Baldwin has said in a statement that he is "fully cooperating with the police investigation to address how this tragedy occurred."

Meanwhile, "Rust" has 12 credited producers and executive producers, including Baldwin.

In Hollywood, such a title can mean anything from the person with ultimate authority on set to someone who helped to raise money early on in a movie's production.

It is not yet clear which of those dozen individuals was making on-the-ground decisions about hiring crew and enforcing safety conditions, or the extent of Baldwin's role in those outcomes.

The production company has not responded to repeated AFP requests for comment.

"I personally feel [Baldwin] would probably be too far removed," said Kaplan.

"When you're an A-list actor generally, and you get a producer's credit, it doesn't mean you have enhanced responsibilities of a line producer... it's really just for economic reasons."

"He just looks like a passive investor as a producer," agreed Keating.

'Not personal'

Separate from the criminal investigation, the experts said it is highly likely that Hutchins' family and director Joel Souza, who was also injured in the shooting, will sue.

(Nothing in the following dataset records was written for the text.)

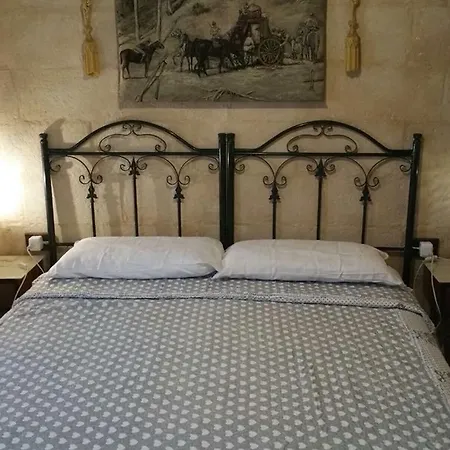 אתר קמפינג Trulli Di Piano Mangieri *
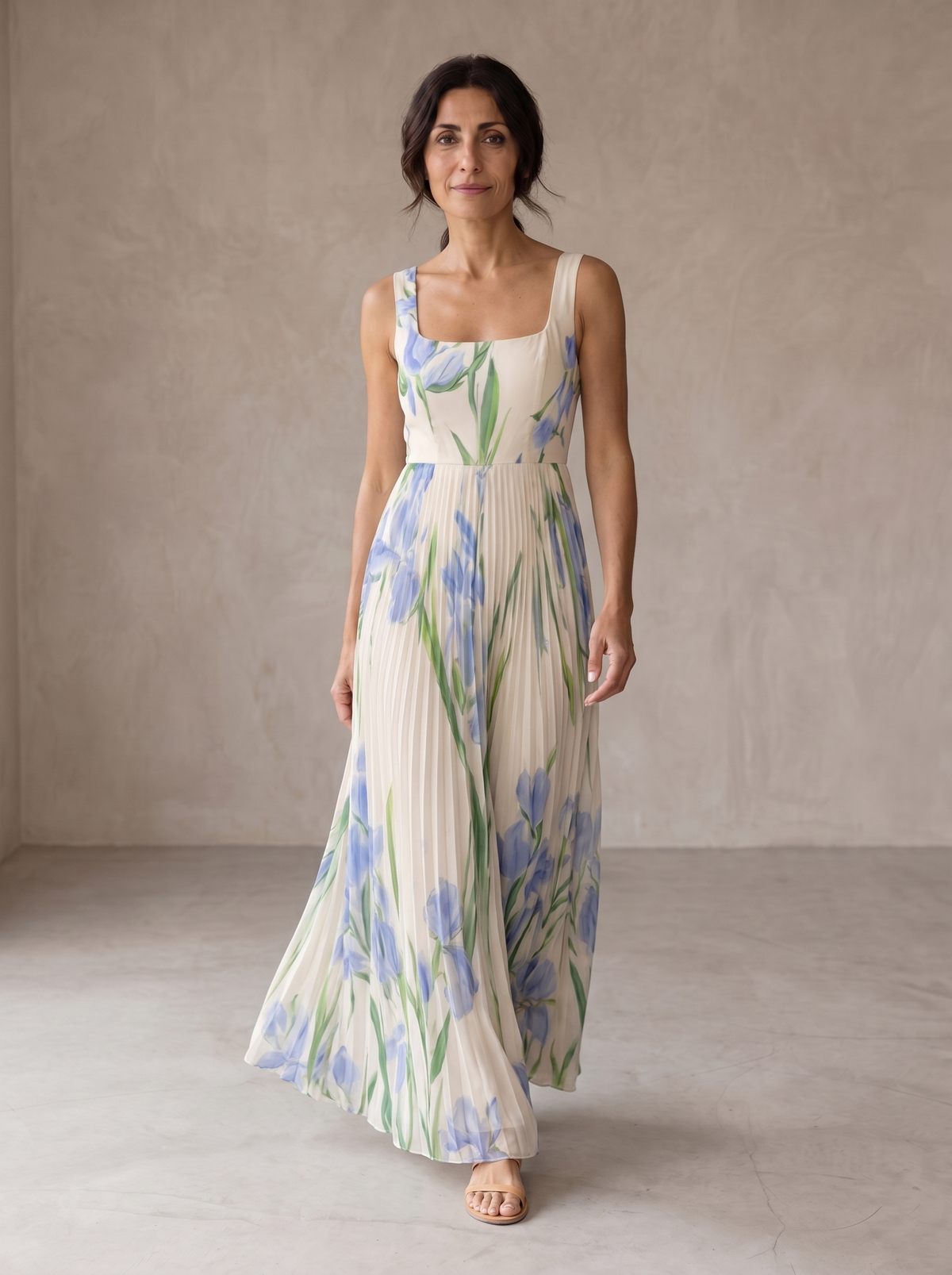 Oriah | Vestido largo de corte en A con estampado floral
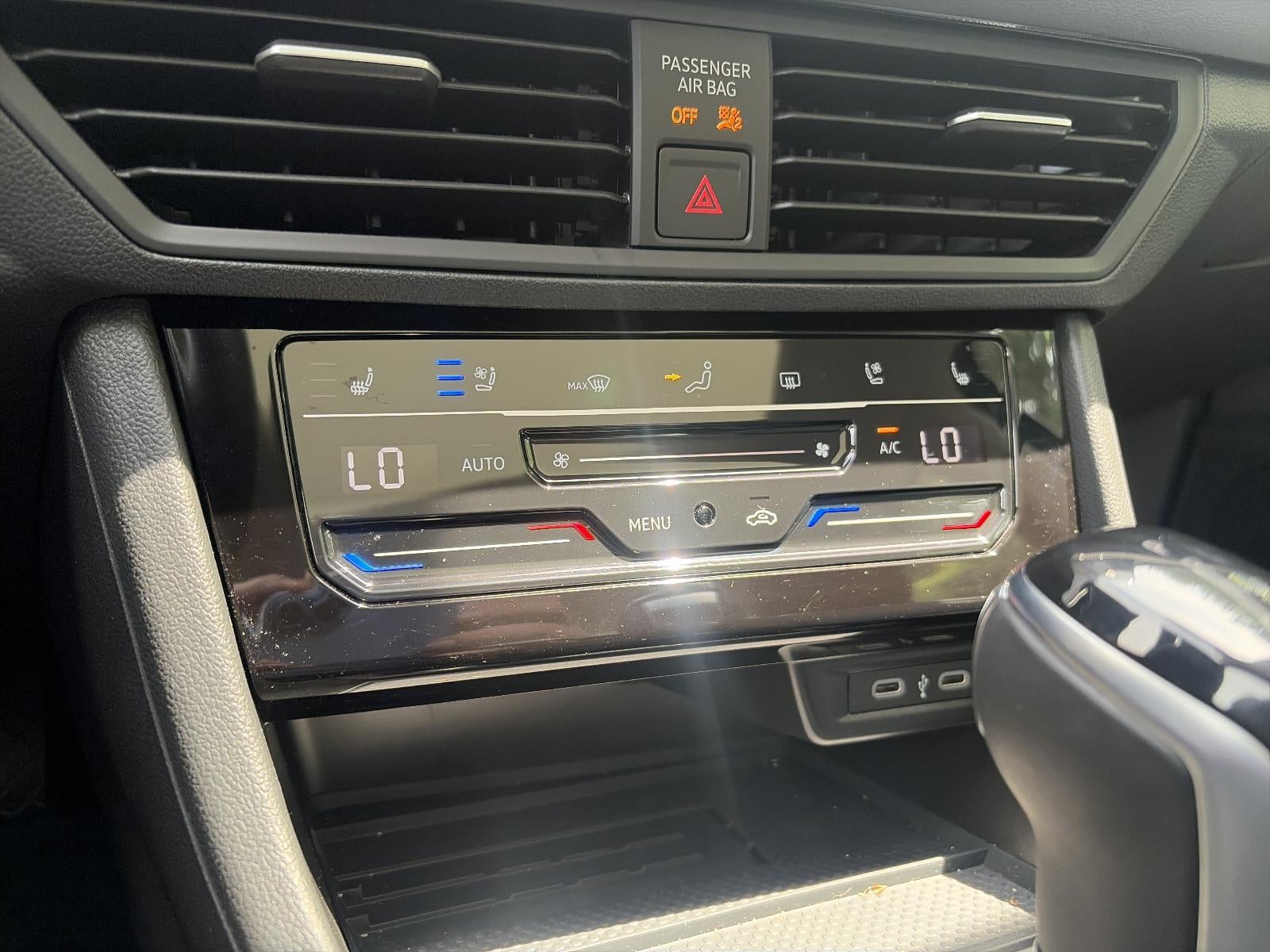 2025 Volkswagen Jetta SEL Auto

Lawsuits would likely target the film's production company, Baldwin and the other producers, as well as "anybody who remotely came into contact with the gun," said legal consultant Bryan Sullivan.

"I anticipate that everybody's going to be sued," he said.

Baldwin is likely to be named in any civil action because of his deep pockets, and because his fame would help draw media coverage, according to Sullivan.

"I doubt the assistant director has substantial wealth, so a plaintiff's lawyer would definitely want to name Alec Baldwin to get the money in there," he added.

But legal experts pointed to others involved in the tragedy who could potentially be named, including armorer Hannah Gutierrez-Reed and Halls.

The role of armorer involves supplying and keeping weapons safe on set, ensuring that they are accounted for at all times, and locked away when not in use.

Entertainment trade website The Wrap reported that crew members had been using the weapons just hours before Hutchins was killed.

Neither Gutierrez-Reed nor Halls could be reached for comment.

Beyond those handling the weapons, the apparent failure of any producer to address on-set safety concerns means all involved are "getting opened up to liability for their own negligence," said Keating.

"Rust" crew members had complained about lax on-set protocols, and a gun was mistakenly fired at least twice on set in the days before Hutchins' death, multiple US outlets reported.

Ultimately, for any lawyer representing the family of the deceased, the target of the civil action is "not personal," said Kaplan.

"They're just trying to get as much as they can for the family."